To these points we must be clear. Christakis was not talking about the agency, freedom and safety of all students. She was speaking for White students, those most privileged and empowered to appropriate others without impunity. The young people at Yale saw this. They recognized she covered this fact in a statement presented as a well-reasoned, thoughtful consideration of philosophy, theory and personal experience. But they also recognized this as violence of the most insipid kind--reified academic and experiential knowledge presented as objective and neutral, fully vested in yet paradoxically disconnected from the everyday lived realities of people and power. This is why those bold Yale students called her out, along with her partner and the entire Yale administration, including the first Black Dean in the history of the university.
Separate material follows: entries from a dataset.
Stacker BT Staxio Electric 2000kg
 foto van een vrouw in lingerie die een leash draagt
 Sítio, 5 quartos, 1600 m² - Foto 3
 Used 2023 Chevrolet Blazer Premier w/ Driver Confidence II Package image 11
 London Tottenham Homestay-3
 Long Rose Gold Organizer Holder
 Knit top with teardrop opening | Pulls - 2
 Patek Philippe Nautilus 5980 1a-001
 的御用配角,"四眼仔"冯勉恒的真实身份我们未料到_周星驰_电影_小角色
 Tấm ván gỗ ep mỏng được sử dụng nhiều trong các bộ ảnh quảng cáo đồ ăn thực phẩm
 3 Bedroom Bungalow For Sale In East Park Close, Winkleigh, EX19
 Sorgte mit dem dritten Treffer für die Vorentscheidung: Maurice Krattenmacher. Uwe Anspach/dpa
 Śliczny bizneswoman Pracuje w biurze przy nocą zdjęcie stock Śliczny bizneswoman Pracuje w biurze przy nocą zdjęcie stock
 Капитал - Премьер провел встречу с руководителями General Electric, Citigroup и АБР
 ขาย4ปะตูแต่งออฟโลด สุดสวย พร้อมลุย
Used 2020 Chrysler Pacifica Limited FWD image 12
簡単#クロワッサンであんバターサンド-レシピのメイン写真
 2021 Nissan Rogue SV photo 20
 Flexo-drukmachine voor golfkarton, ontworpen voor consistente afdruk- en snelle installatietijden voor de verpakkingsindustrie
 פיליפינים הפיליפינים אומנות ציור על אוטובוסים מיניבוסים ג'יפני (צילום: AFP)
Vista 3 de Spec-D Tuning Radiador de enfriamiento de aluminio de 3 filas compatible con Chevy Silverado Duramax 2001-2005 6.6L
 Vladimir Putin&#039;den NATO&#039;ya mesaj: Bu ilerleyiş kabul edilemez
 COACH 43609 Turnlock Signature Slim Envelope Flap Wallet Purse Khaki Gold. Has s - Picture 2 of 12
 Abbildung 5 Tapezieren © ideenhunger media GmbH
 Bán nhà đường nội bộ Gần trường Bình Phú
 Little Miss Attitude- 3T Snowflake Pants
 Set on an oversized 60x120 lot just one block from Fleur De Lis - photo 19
For those still puzzling over the need for a #Blacklivesmatter movement, the Yale case, along with the Mizzou incident soberly answers the question. In whatever arena we find ourselves--as academics, policymakers, entrepreneurs, educators, public officials, or simply concerned citizens we must question the language we use, the frameworks we hold and the explanations we offer about the social world in which we live.

Theories do not make or break the world. But they do serve as the glue that organizes our understandings of and actions within it. We cannot hide behind our theories and ideologies, no matter how elegant, well-founded or even progressive we presume they are without asking hard questions about the implications they have on the world that has come before us and the one we currently inhabit. We must continually ask ourselves what interests stand to benefit (or not) from the perspective we hold? Does this perspective account for the historical and institutional contexts that have shaped the inequities we find in the present? What are the longstanding costs and to whom will these most accrue in light of this perspective?

Asking and reflecting on these questions will not solve the problems we have inherited from our country's unsavory racial past. But they do ask that we stop and think about the things we believe, the statements we say and the actions we take their behalf.